PROMPT:
Retype exactly what appears below from the line containing "Saskatoon Tribal Council" down to the line containing "Align Leopard Print", keeping both end lines. Do not include pictures.

INPUT DATA:
----------------

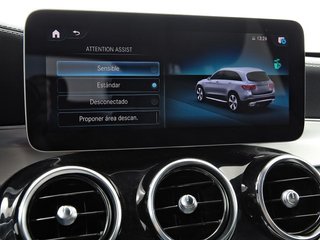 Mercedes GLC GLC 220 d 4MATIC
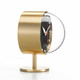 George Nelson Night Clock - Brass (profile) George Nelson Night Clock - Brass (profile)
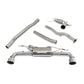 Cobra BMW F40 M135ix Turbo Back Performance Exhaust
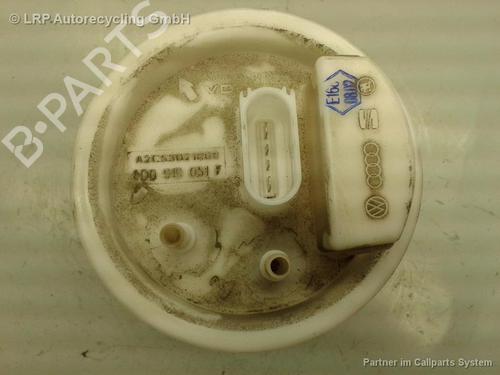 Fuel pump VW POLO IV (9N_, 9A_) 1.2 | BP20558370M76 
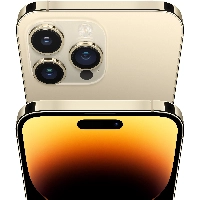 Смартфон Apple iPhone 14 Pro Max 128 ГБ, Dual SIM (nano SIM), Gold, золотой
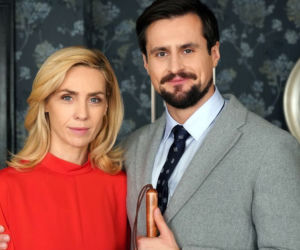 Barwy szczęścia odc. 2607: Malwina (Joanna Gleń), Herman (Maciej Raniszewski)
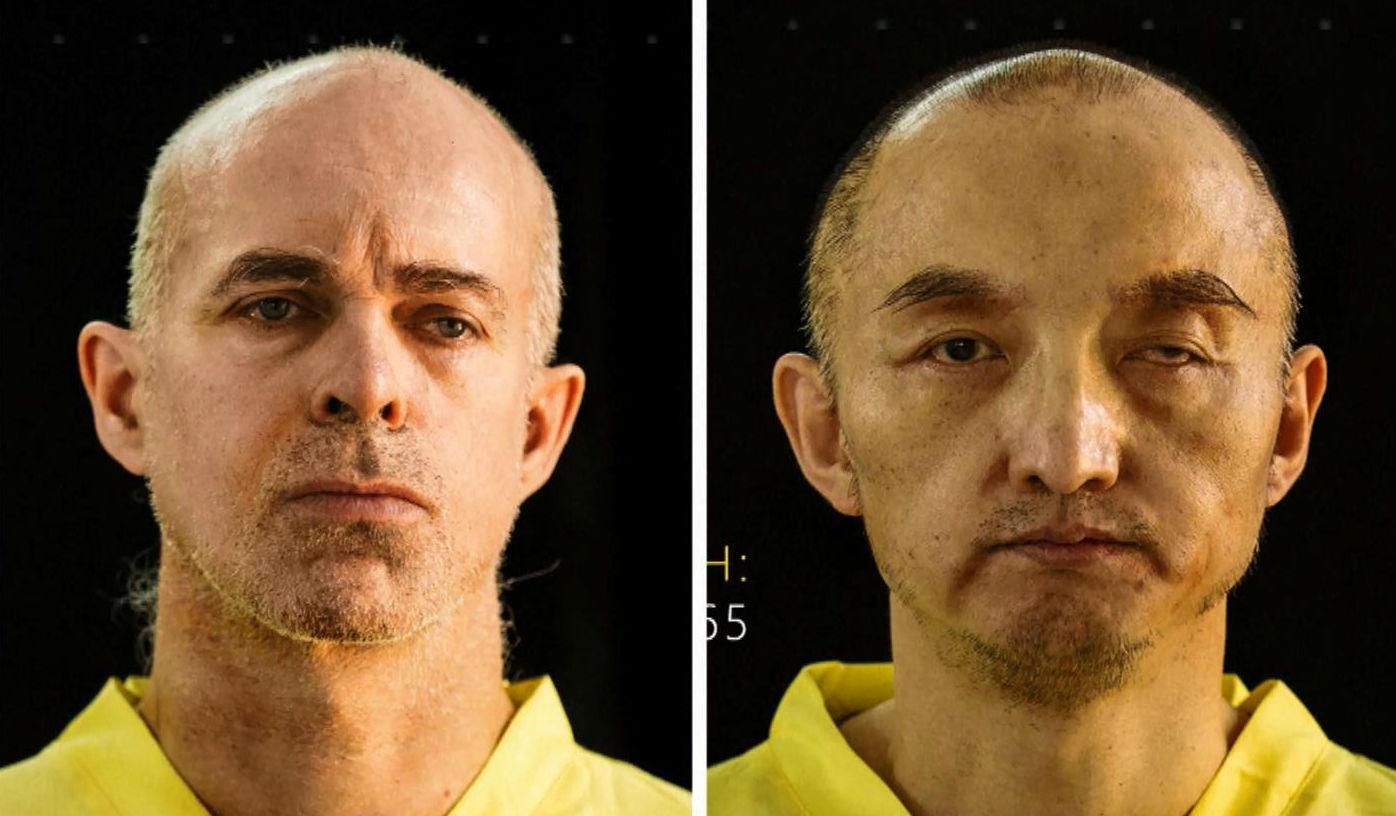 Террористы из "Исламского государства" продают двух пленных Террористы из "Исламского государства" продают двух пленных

----------------

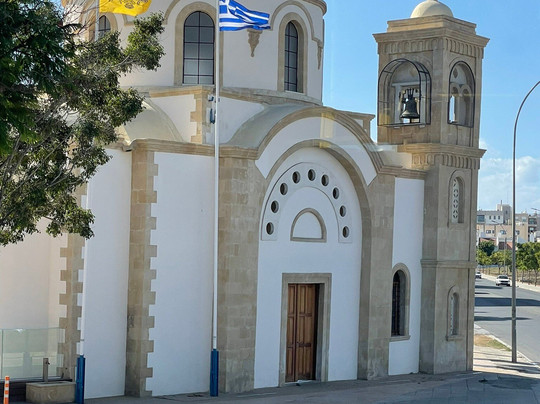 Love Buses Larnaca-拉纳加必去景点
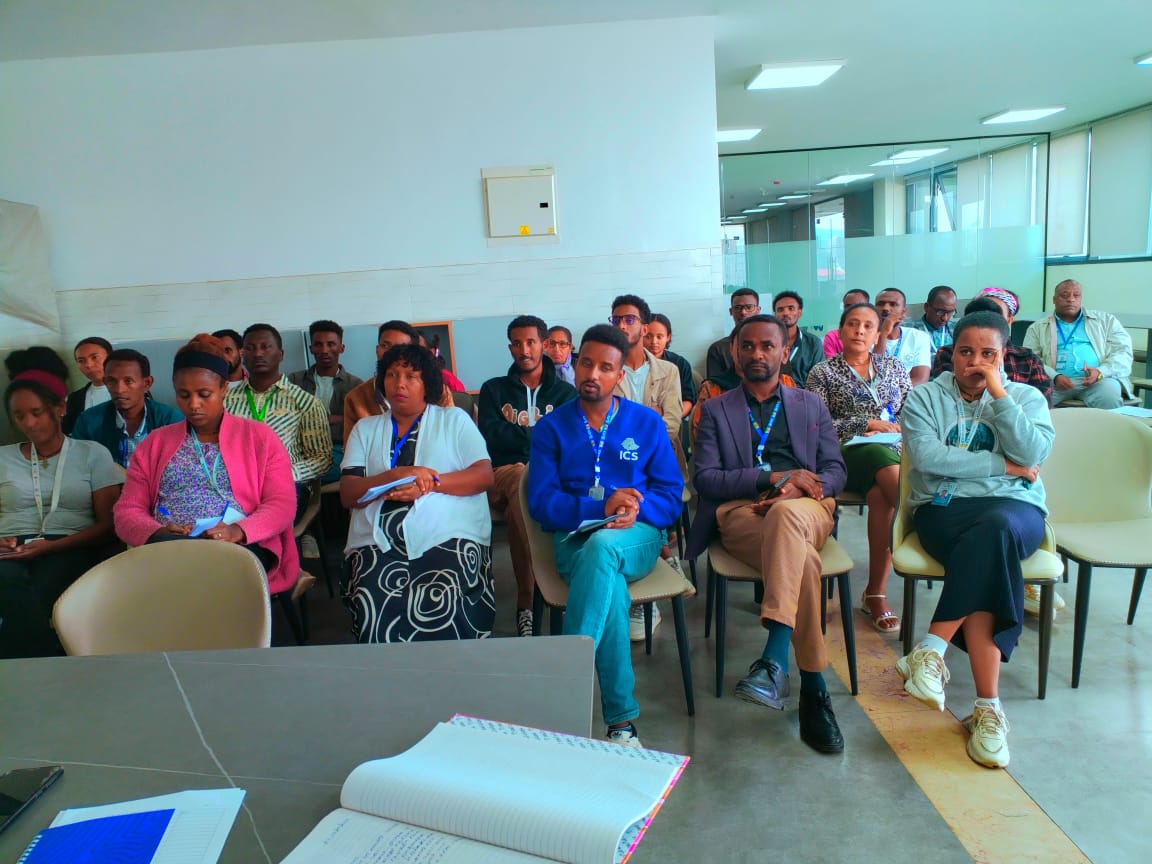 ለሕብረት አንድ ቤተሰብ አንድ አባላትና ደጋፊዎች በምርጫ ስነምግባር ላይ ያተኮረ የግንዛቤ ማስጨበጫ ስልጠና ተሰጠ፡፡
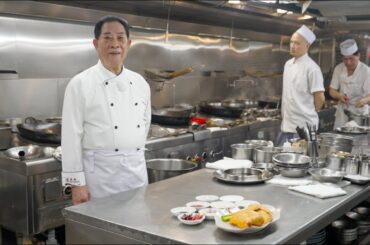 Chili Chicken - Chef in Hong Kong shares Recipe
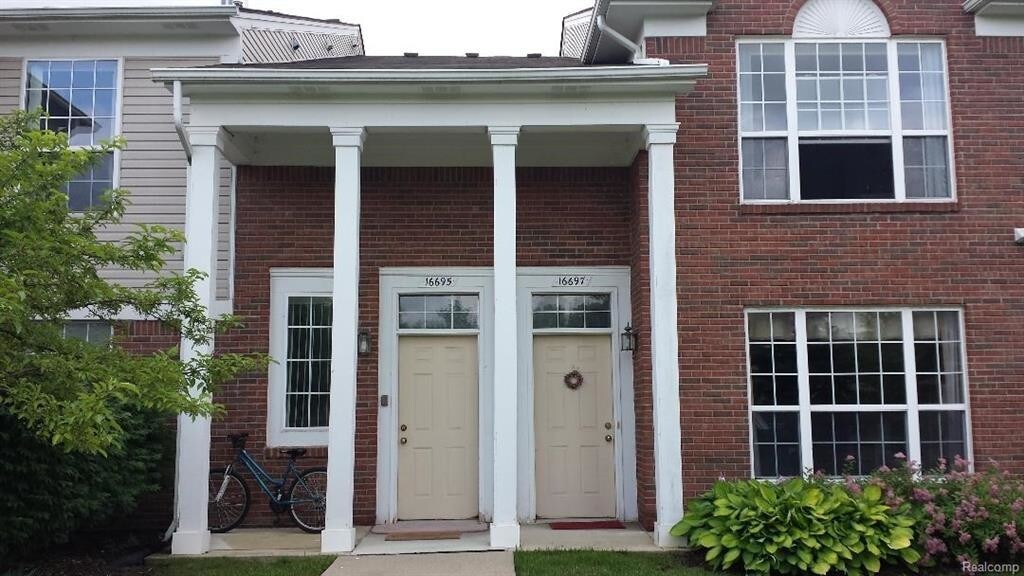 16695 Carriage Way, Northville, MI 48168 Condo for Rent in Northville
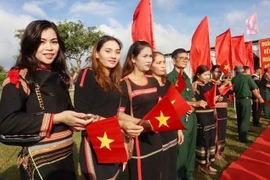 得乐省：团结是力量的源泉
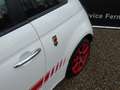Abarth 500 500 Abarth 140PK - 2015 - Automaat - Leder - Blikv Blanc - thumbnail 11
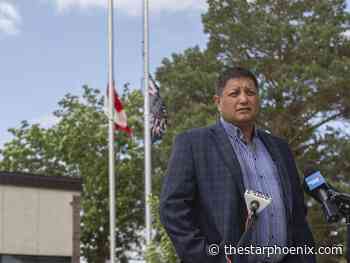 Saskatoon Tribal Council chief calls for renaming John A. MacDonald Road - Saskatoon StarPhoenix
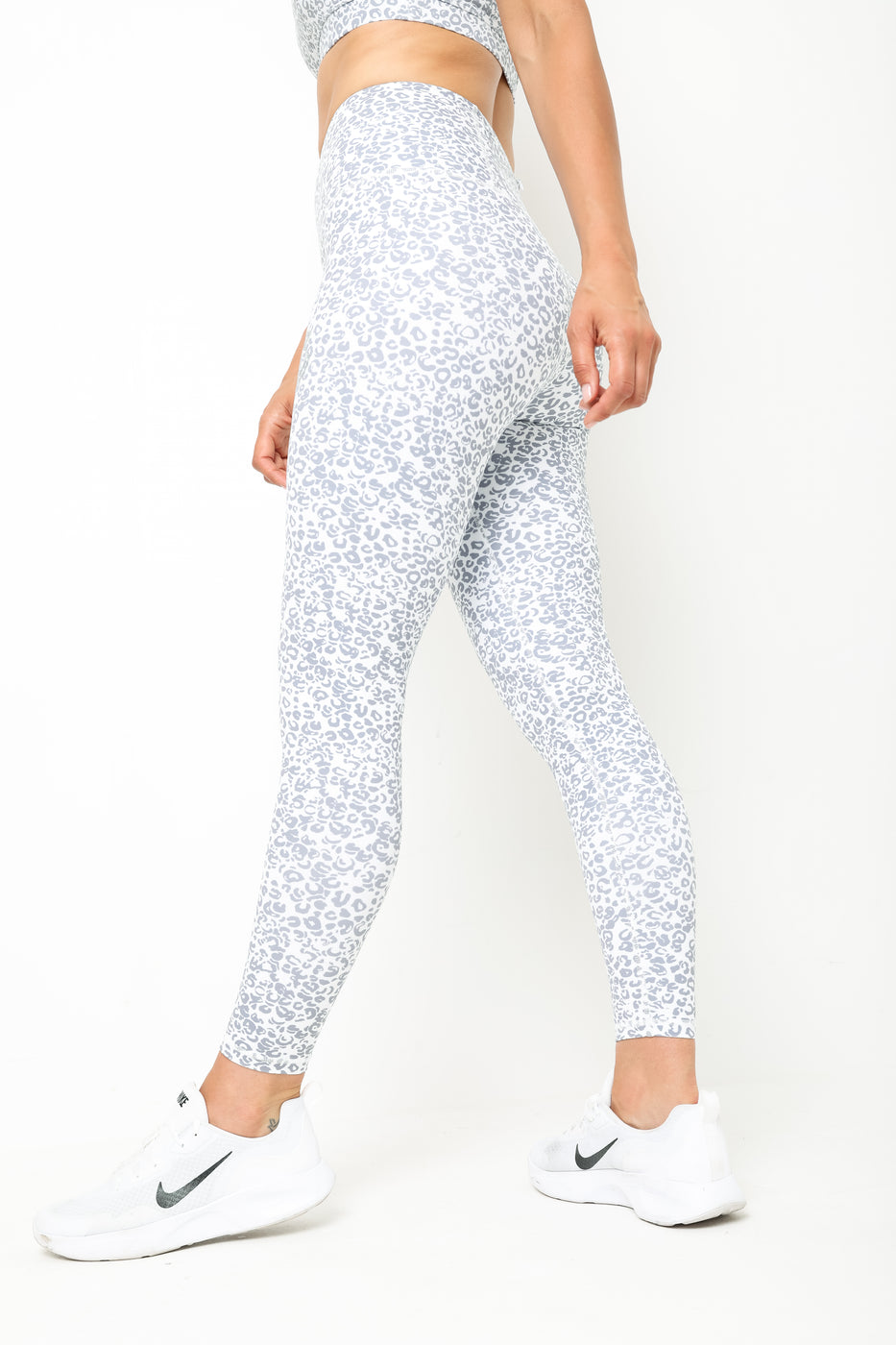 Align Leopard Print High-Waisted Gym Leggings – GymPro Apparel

----------------

RESPONSE AREA:
 Saskatoon Tribal Council chief calls for renaming John A. MacDonald Road - Saskatoon StarPhoenix
 Align Leopard Print High-Waisted Gym Leggings – GymPro Apparel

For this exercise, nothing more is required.